Terakhir, reformasi institusi dibutuhkan untuk menjamin ketidakberulangan kekerasan, yang mana juga dapat membuat pemerintah mencegah terjadinya pelanggaran HAM di masa depan. Dalam konteks reformasi sistem keamanan, pemerintah menunjukkan keengganan untuk mereformasi TNI dan Polri dengan menunjuk dua prajurit dari TNI dan tiga perwira Polri untuk menjadi komisioner di banyak BUMN yang mana praktik ini seharusnya ditiadakan dari reformasi tersebut. Terlebih, di reformasi sistem keadilan, pemerintah menunjukkan keengganan lainnya untuk menegakkan keadilan sebagaimana kita saksikan baru-baru ini kasus Novel Baswedan—yang berusaha melawan korupsi—di mana pengadilan memberikan izin kepada polisi untuk memberikan bantuan hukum kepada para pelaku yang juga polisi. Pelaku yang menyiram cairan asam kepada Novel Baswedan sehingga ia buta dan banyak kejanggalan lainnya. Ini juga menyangkut masalah korupsi dan brutalitas para penegak hukum dan kondisi penjara yang menyedihkan.

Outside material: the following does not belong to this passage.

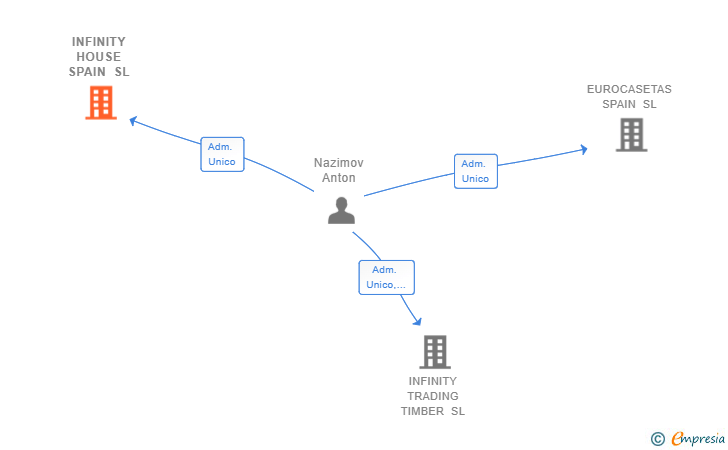 Vinculaciones societarias de INFINITY HOUSE SPAIN SL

Status Indonesia yang bukan sebagai negara pihak dalam Statuta Roma memiliki efek yang begitu terasa dalam implementasi penegakan sistem keadilan internasional di dalam negeri. Penduduk Indonesia terekspos dengan kemungkinan mengalami pelanggaran HAM, dan ketidakpedulian pemerintah untuk menegakkan hukum internasional dan nilai-nilai ham menjadi mengkhawatirkan. Oleh karena itu, Kontras mendorong pemerintah Indonesia untuk:

  1. Meratifikasi Statuta Roma, untuk memastikan penegakan dan perlindungan HAM semua warga negara;
  2. Melindungi, menghormati, dan memenuhi hak-hak korban pelanggaran HAM untuk memastikan implementasi keadilan transisi; dan
  3. Memastikan reformasi sistem keamanan dan keadilan berlangsung dengan kebenaran dan keadilan, bukan dengan kepentingan politik.